# trig wave equations

• Jan 18th 2010, 07:58 AM
killer786
trig wave equations
well im having quite alot of trouble doing questions like these could someone give me some insight into how they should be done thank you!

A function f(x) is known to be of the form F(x)=Acos(px+q) + B. It has a local maximum at (6, 8) and the next local minimum is at (10, 2). Find the constants A, p, q and B and hence give the formula for the function.
• Jan 18th 2010, 08:20 AM
Hello killer786

Welcome to Math Help Forum!
Quote:

Originally Posted by killer786
well im having quite alot of trouble doing questions like these could someone give me some insight into how they should be done thank you!

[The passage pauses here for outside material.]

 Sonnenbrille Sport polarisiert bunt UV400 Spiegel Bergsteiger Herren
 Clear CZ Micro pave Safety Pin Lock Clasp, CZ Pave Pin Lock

A function f(x) is known to be of the form F(x)=Acos(px+q) + B. It has a local maximum at (6, 8) and the next local minimum is at (10, 2). Find the constants A, p, q and B and hence give the formula for the function.

The function $\cos(px+q)$ has a maximum value $+1$ when $px +q = 0, 2\pi, 4\pi, ...$ and a minimum value $-1$ when $px+q = \pi, 3\pi, 5\pi, ...$ Since there are multiple maxima and minima, there will be multiple values of $p$ and $q$. Below, I've taken the first (and most obvious) values.

So $f(x)$ varies between $B+A$ and $B-A$. Since these maximum and minimum values are 8 and 2 respectively, we get:
$B+A = 8$

$B-A = 2$

$\Rightarrow B = 5, A = 3$
The maximum occurs when $x =6$. So, from what I said above, the simplest value is:
$6p+q = 0$

$\Rightarrow q = -6p$
(1)
The minimum is when $x = 10$. So:
$10p+q = \pi$

$\Rightarrow 4p = \pi$, from
(1)

$\Rightarrow p = \frac{\pi}{4}$ and $q = -\frac{3\pi}{2}$
So the formula we want is:
$f(x) = 3\cos\left(\frac{\pi}{4}x -\frac{3\pi}{2}\right) + 5$
$= 3\cos\frac{\pi}{4}\Big(x-6\Big) + 5$